**Records provided**.
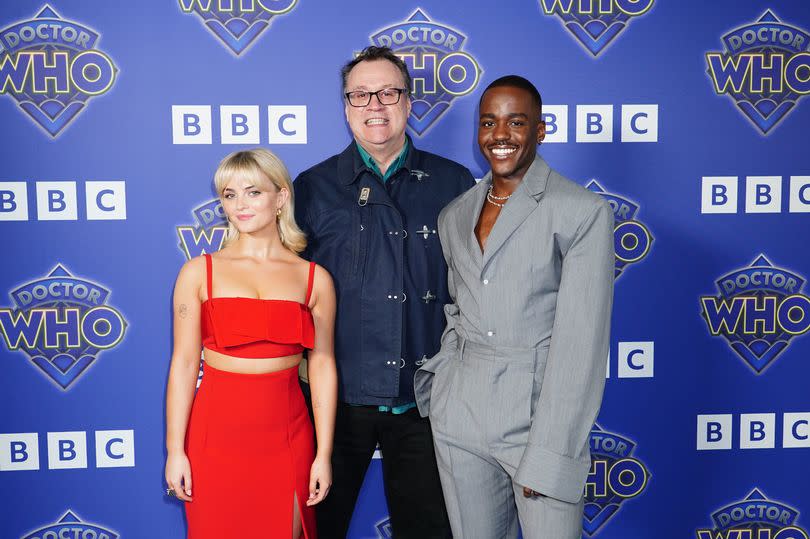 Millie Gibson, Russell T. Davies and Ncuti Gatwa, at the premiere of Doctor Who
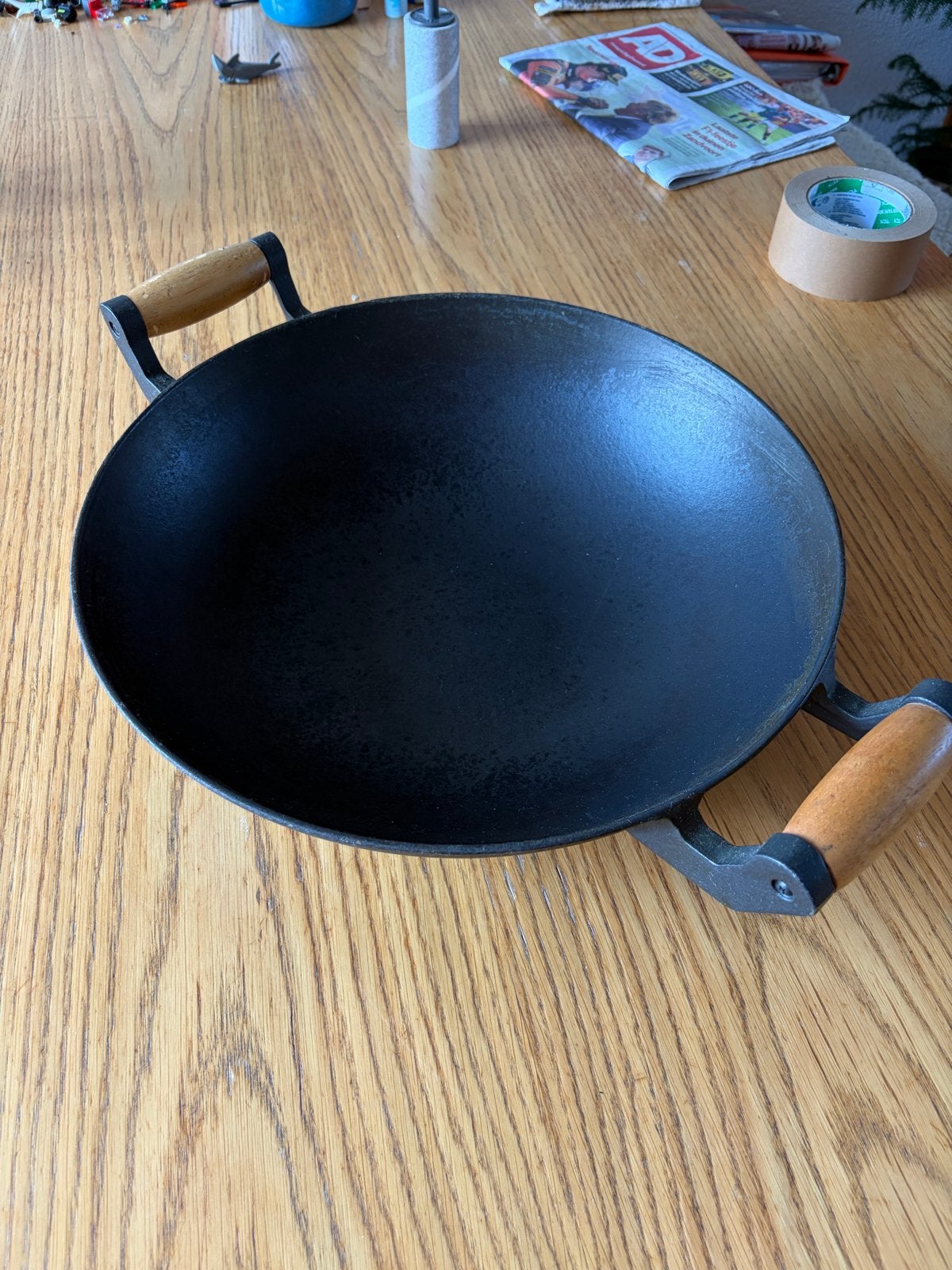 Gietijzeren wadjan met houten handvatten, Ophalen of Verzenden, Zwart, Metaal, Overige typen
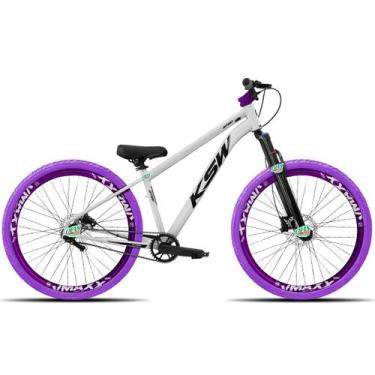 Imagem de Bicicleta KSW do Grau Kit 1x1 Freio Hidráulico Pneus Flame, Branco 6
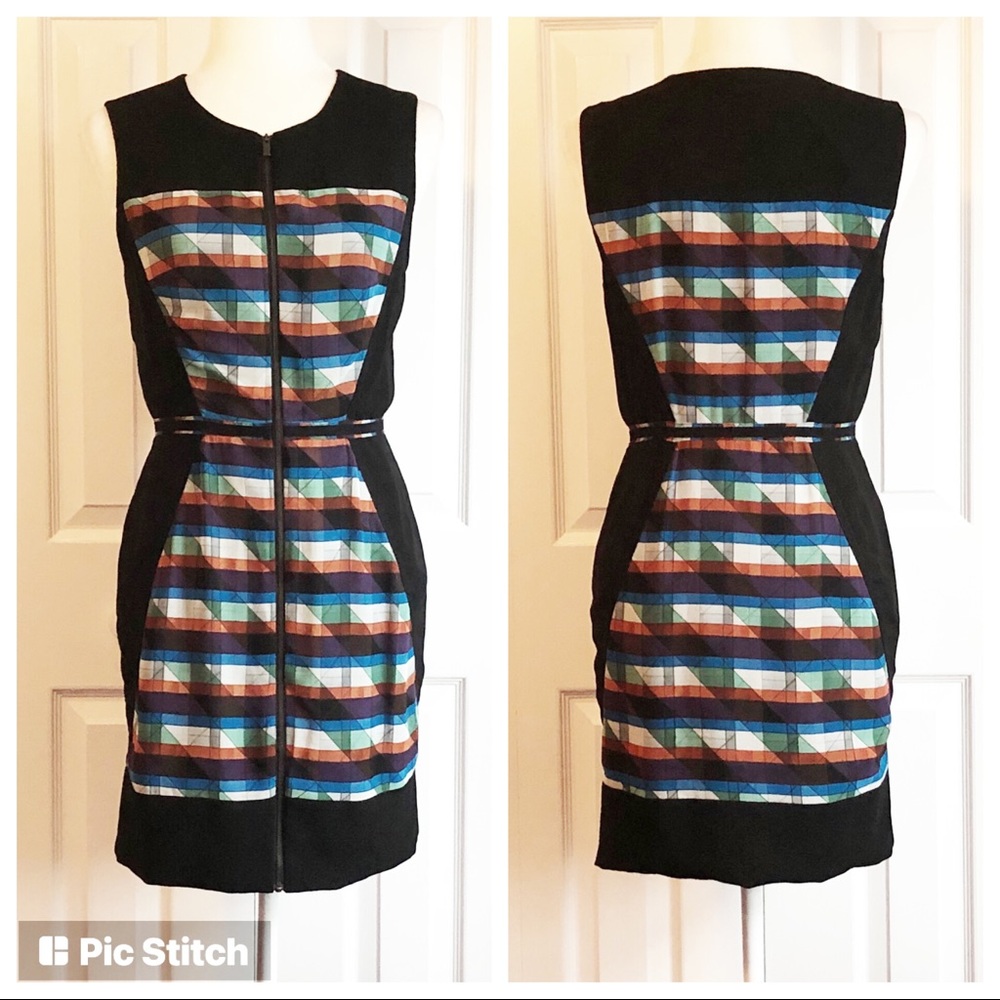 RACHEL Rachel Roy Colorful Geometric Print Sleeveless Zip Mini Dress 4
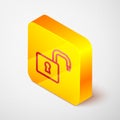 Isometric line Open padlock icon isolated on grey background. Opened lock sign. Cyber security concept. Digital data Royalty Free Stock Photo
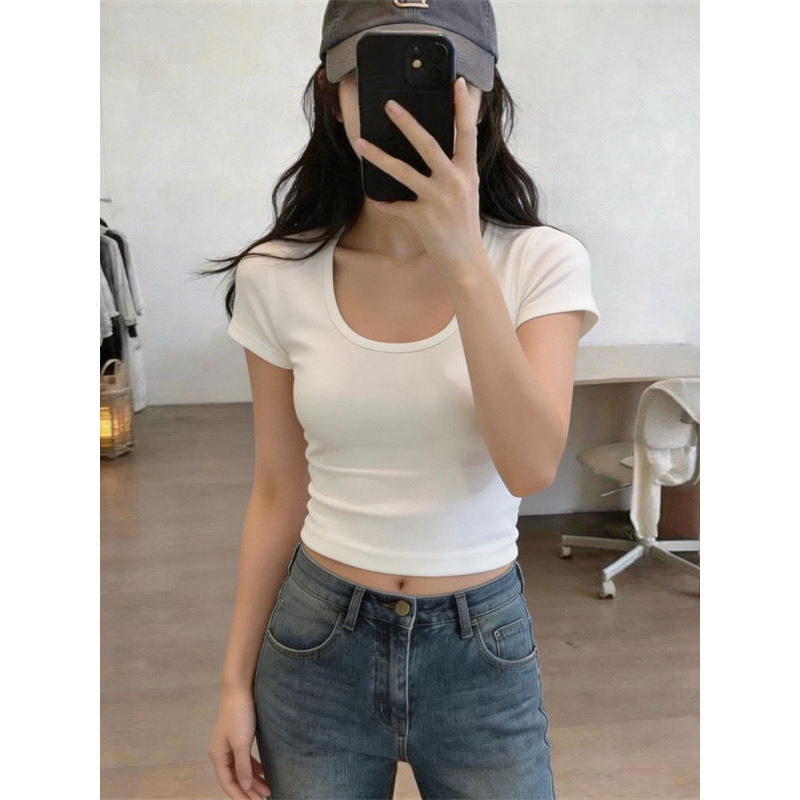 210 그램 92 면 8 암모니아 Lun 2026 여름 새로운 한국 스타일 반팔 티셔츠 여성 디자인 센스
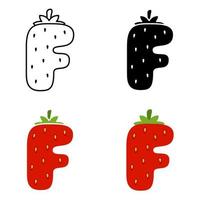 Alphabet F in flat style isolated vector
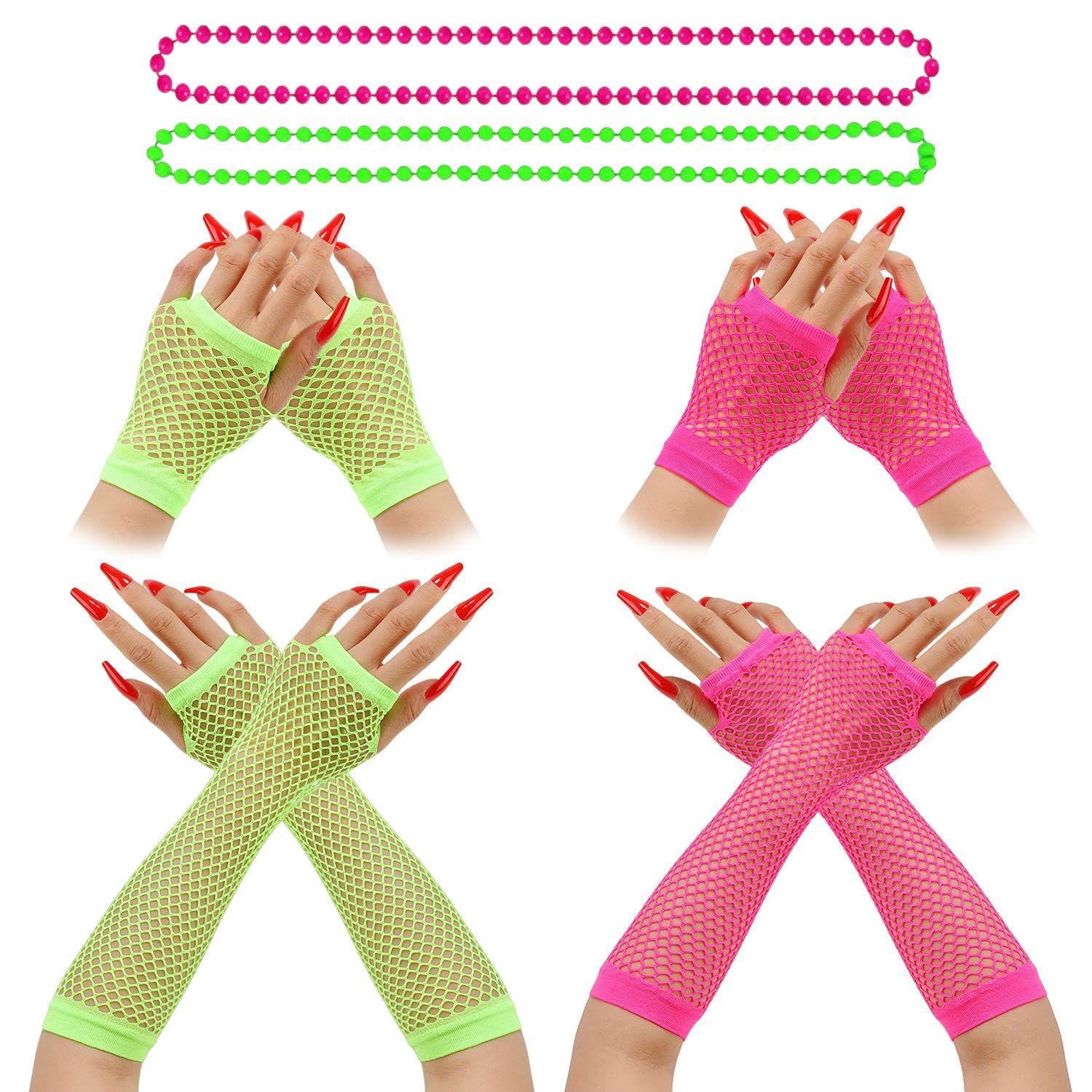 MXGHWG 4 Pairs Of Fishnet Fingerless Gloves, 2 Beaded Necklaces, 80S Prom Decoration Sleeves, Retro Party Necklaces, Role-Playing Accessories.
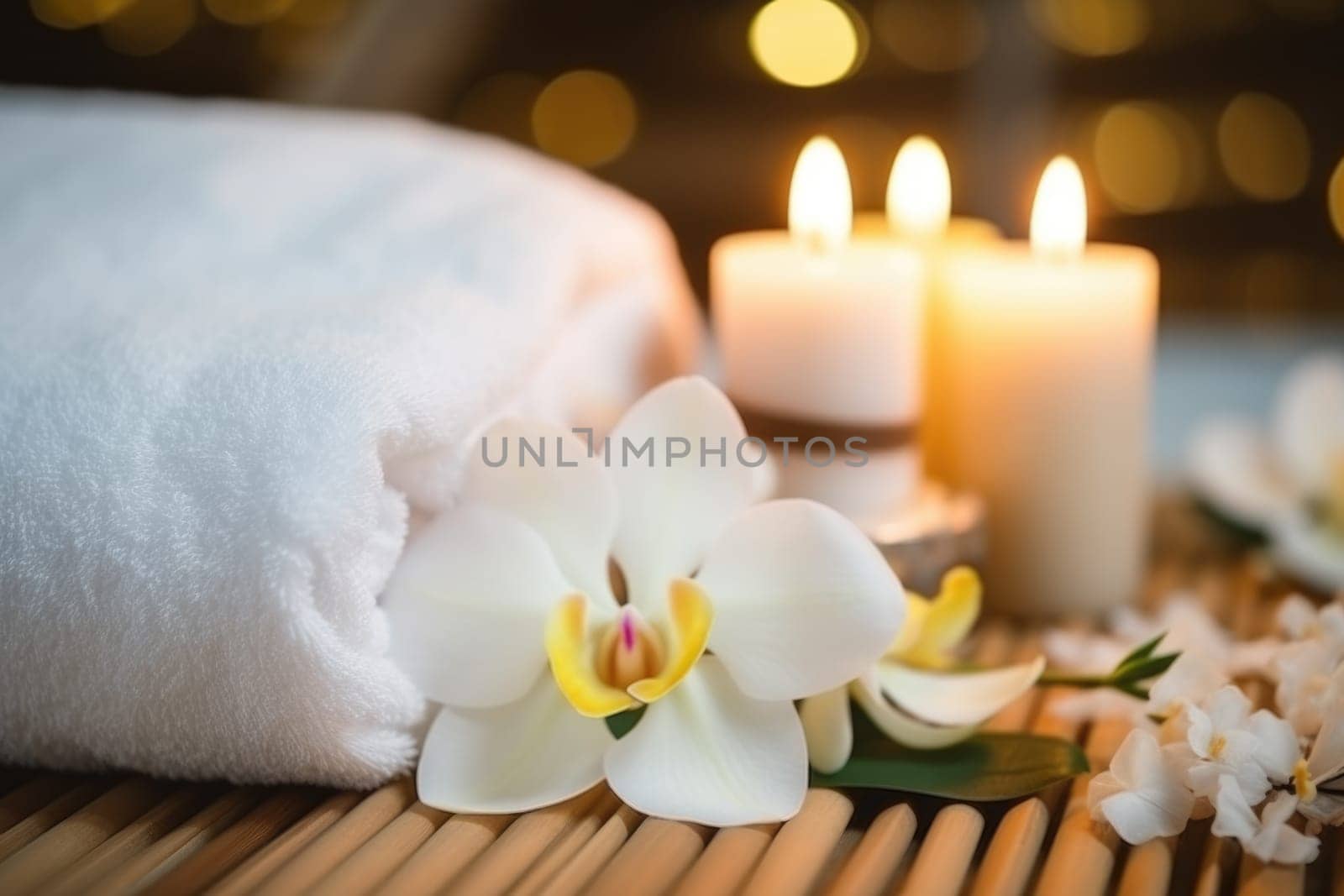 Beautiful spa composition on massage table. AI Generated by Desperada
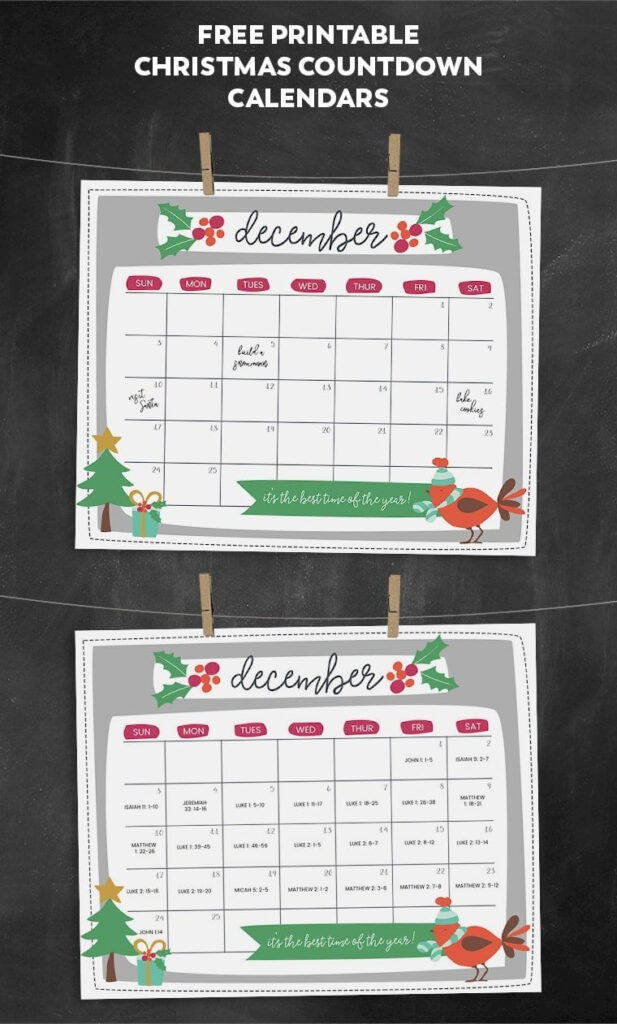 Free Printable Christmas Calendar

**What to produce**.
Repeat the data in full and exactly. Omit pictures.

**Exercise result**.
 Millie Gibson, Russell T. Davies and Ncuti Gatwa, at the premiere of Doctor Who
 Gietijzeren wadjan met houten handvatten, Ophalen of Verzenden, Zwart, Metaal, Overige typen
 Imagem de Bicicleta KSW do Grau Kit 1x1 Freio Hidráulico Pneus Flame, Branco 6
 RACHEL Rachel Roy Colorful Geometric Print Sleeveless Zip Mini Dress 4
 Isometric line Open padlock icon isolated on grey background. Opened lock sign. Cyber security concept. Digital data Royalty Free Stock Photo
 210 그램 92 면 8 암모니아 Lun 2026 여름 새로운 한국 스타일 반팔 티셔츠 여성 디자인 센스
 Alphabet F in flat style isolated vector
 MXGHWG 4 Pairs Of Fishnet Fingerless Gloves, 2 Beaded Necklaces, 80S Prom Decoration Sleeves, Retro Party Necklaces, Role-Playing Accessories.
 Beautiful spa composition on massage table. AI Generated by Desperada
 Free Printable Christmas Calendar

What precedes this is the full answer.